*** Opening MATERIAL PROVIDED ***
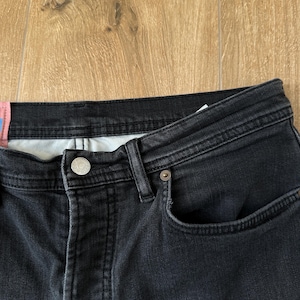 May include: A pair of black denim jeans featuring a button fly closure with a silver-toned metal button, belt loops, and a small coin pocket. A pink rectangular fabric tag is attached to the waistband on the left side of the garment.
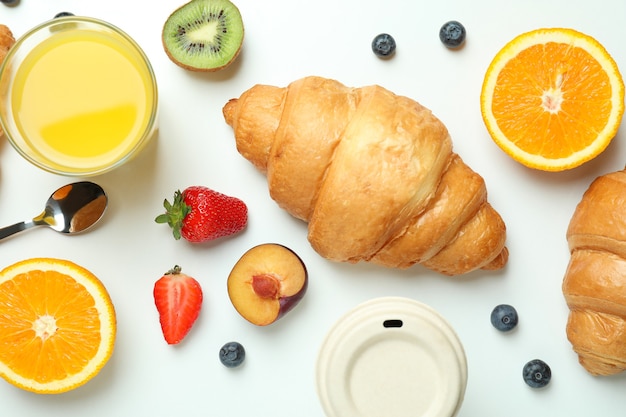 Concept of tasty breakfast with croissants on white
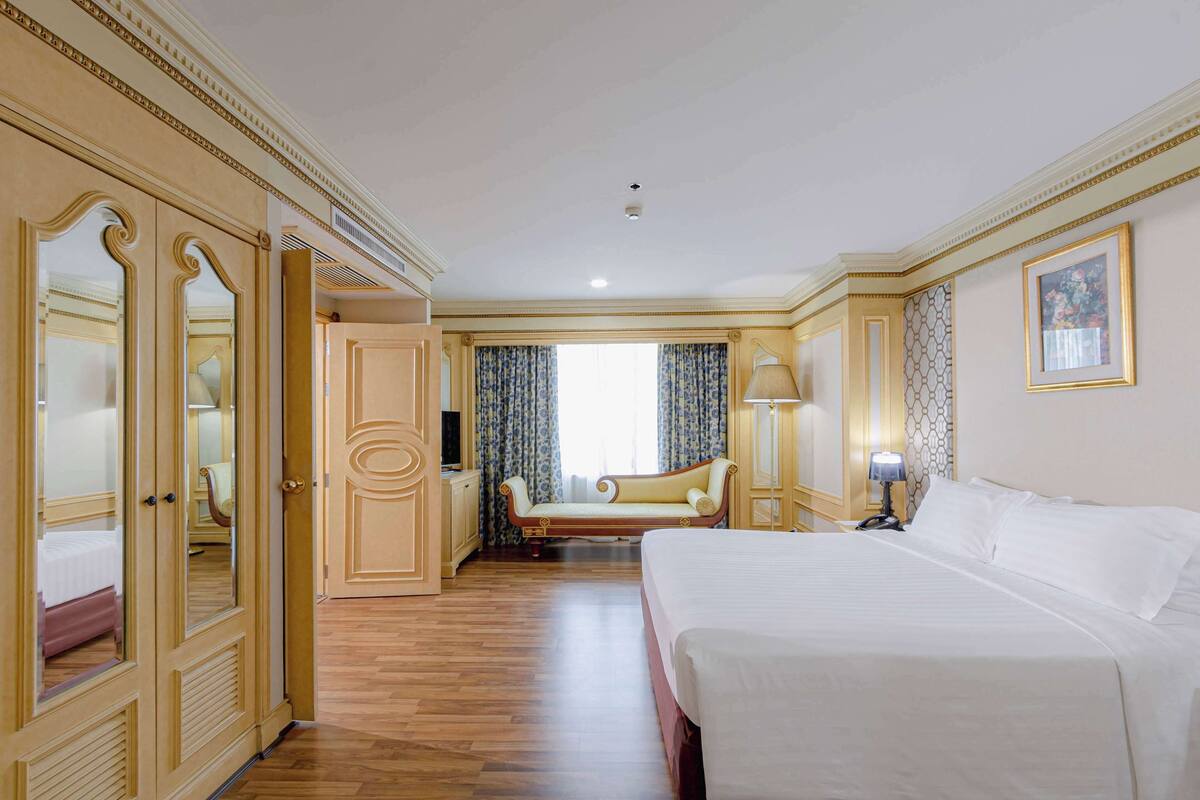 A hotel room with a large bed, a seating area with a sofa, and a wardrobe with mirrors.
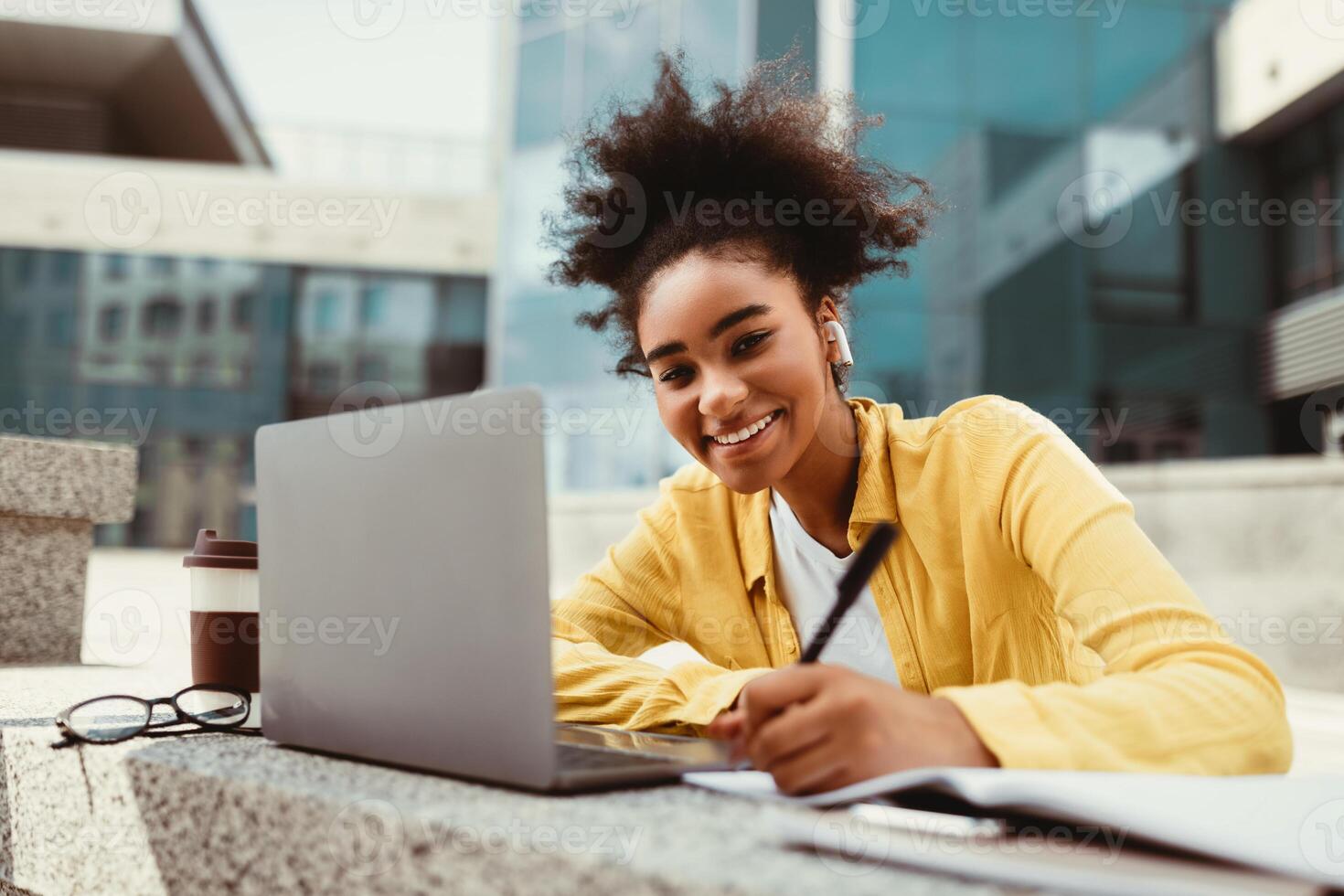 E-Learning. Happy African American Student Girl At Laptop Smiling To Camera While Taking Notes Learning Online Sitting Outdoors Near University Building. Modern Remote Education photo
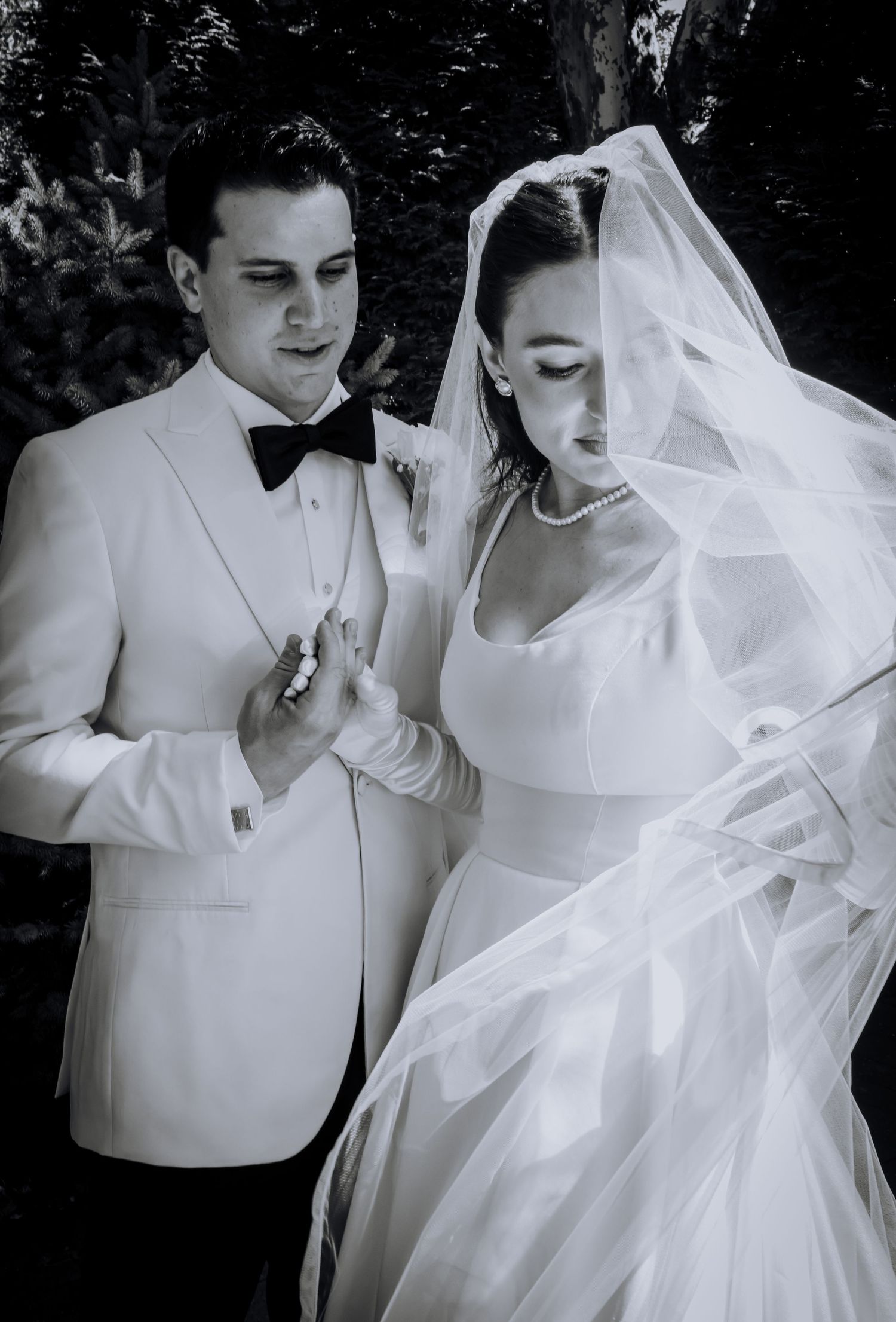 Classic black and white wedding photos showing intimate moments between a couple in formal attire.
*** Closing MATERIAL PROVIDED ***
INSTRUCTIONS FOR THE TASK:
Lines from the one that holds "E-Learning. Happy African" through the final line of the material are to be duplicated exactly; no pictures belong in the copy.

SOLUTION BELOW:
 E-Learning. Happy African American Student Girl At Laptop Smiling To Camera While Taking Notes Learning Online Sitting Outdoors Near University Building. Modern Remote Education photo
 Classic black and white wedding photos showing intimate moments between a couple in formal attire.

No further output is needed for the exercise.